> **About this exercise**: An exact transcription of all the data is required, with every image removed.

> **Exercise material**:

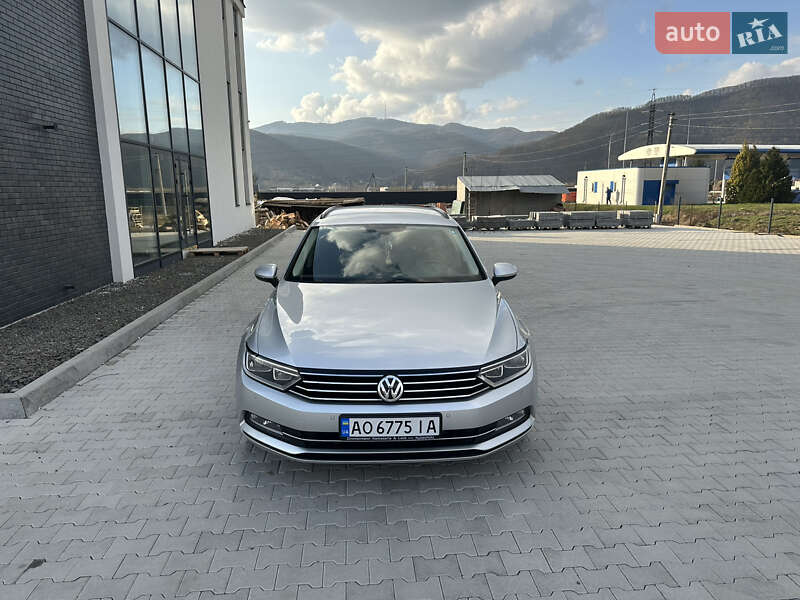 Универсал Volkswagen Passat 2015 в Хусте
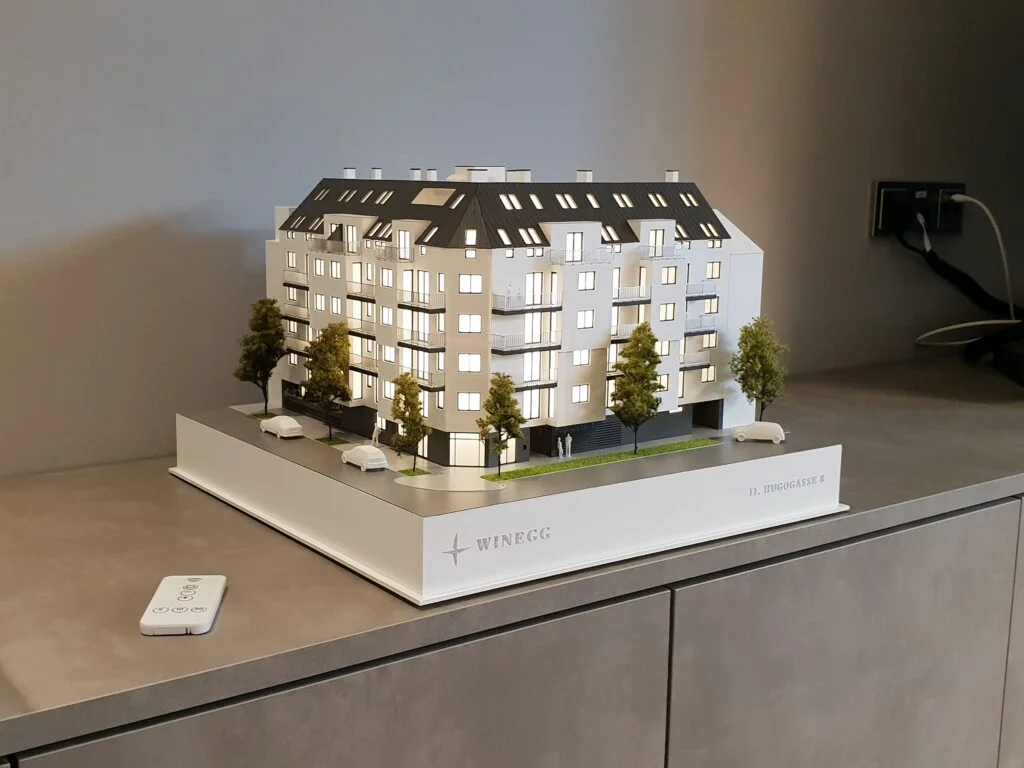 Architekturmodell Wien – Immobilienmodell im Maßstab 1:100, Wohnhaus mit Beleuchtung, hohem Detailgrad, Balkonen, Fassadendetails und Begrünung.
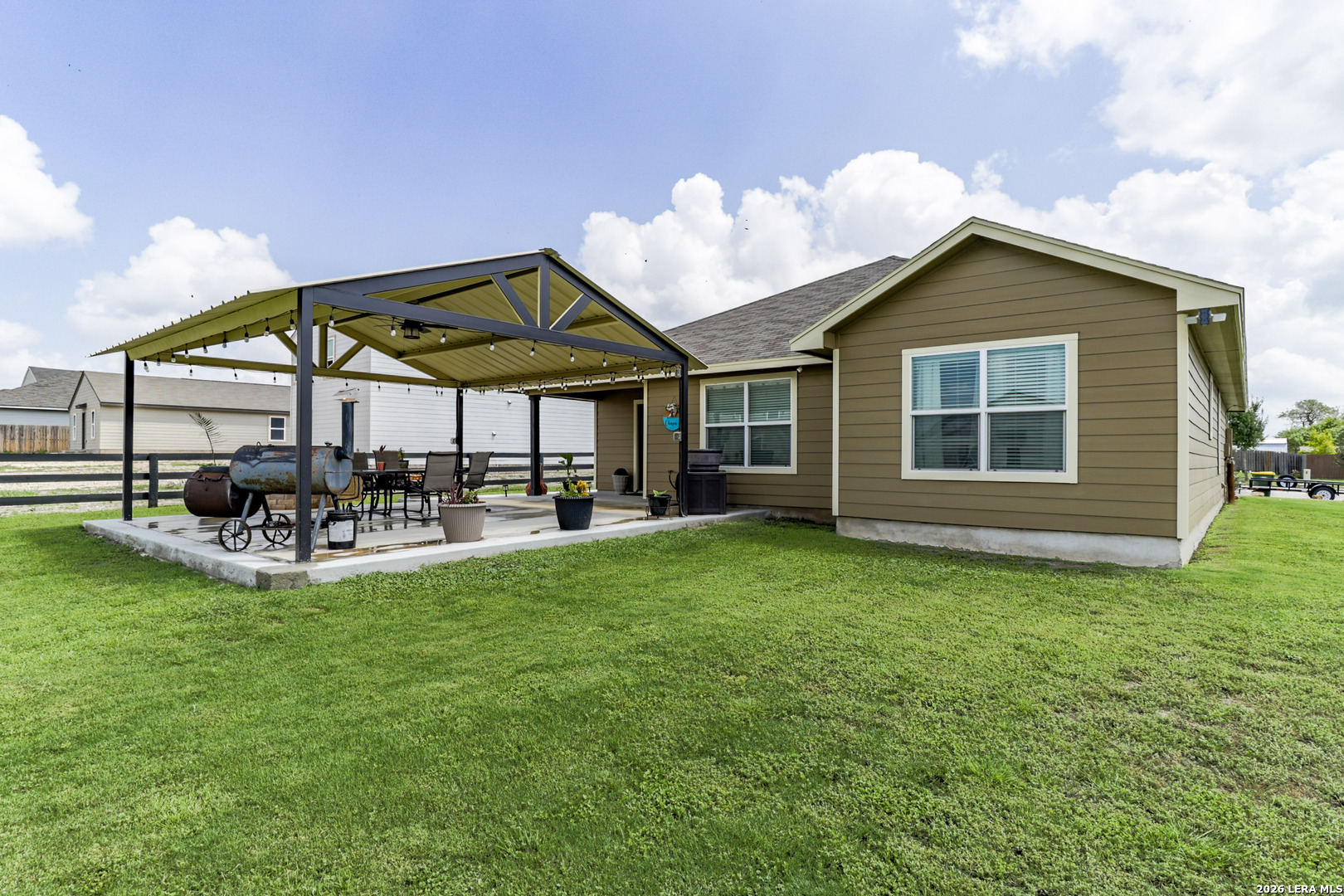 615 Cadena Loop Kenedy TX 78119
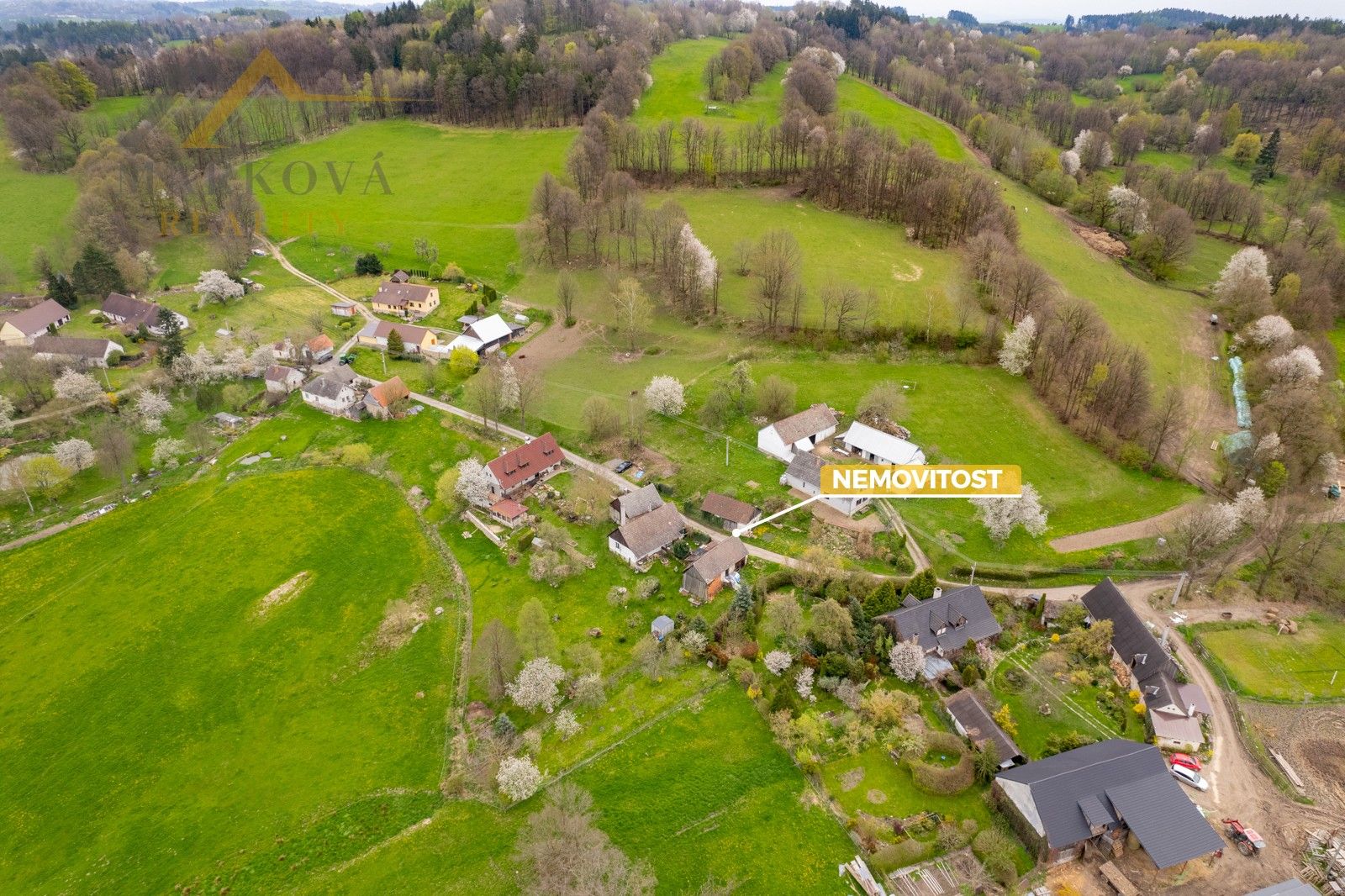 Prodej garáž - Vratišov, Nadějkov, 56 m²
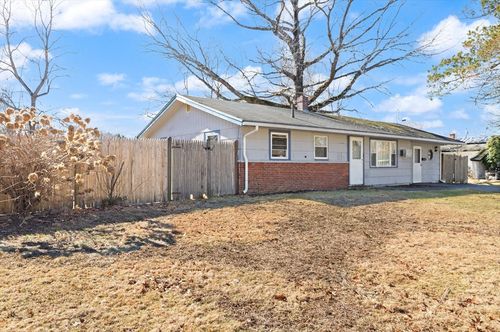 19 Rodwell St, Brockton, MA, 02302-1439 | Card Image
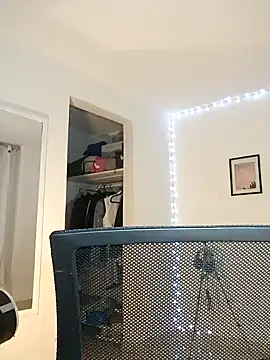 Snapshot of helena_smith chatting on 12-06-24, 05:09 helena smith online show from 12-06-24, 05:09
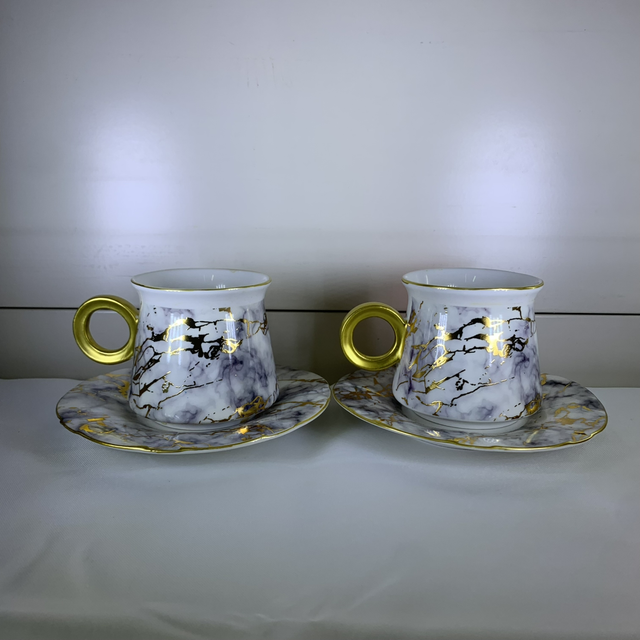 Tasse à café marbré- dorée blanc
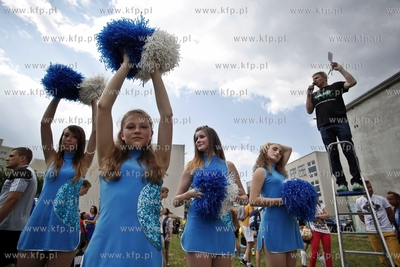 Gdansk Zaspa. Pilkarski turniej dzikich druzyn Do przerwy...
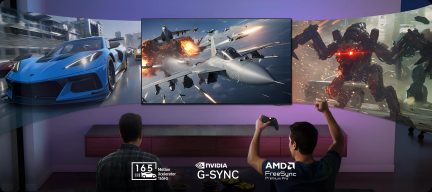 Buet gaming-tv med panoramisk 165 Hz-skærm, racerscener, kampfly og kamprobot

> **Answer to this problem**:
 Универсал Volkswagen Passat 2015 в Хусте
 Architekturmodell Wien – Immobilienmodell im Maßstab 1:100, Wohnhaus mit Beleuchtung, hohem Detailgrad, Balkonen, Fassadendetails und Begrünung.
 615 Cadena Loop Kenedy TX 78119
 Prodej garáž - Vratišov, Nadějkov, 56 m²
 19 Rodwell St, Brockton, MA, 02302-1439 | Card Image
 Snapshot of helena_smith chatting on 12-06-24, 05:09 helena smith online show from 12-06-24, 05:09
 Tasse à café marbré- dorée blanc
 Gdansk Zaspa. Pilkarski turniej dzikich druzyn Do przerwy...
 Buet gaming-tv med panoramisk 165 Hz-skærm, racerscener, kampfly og kamprobot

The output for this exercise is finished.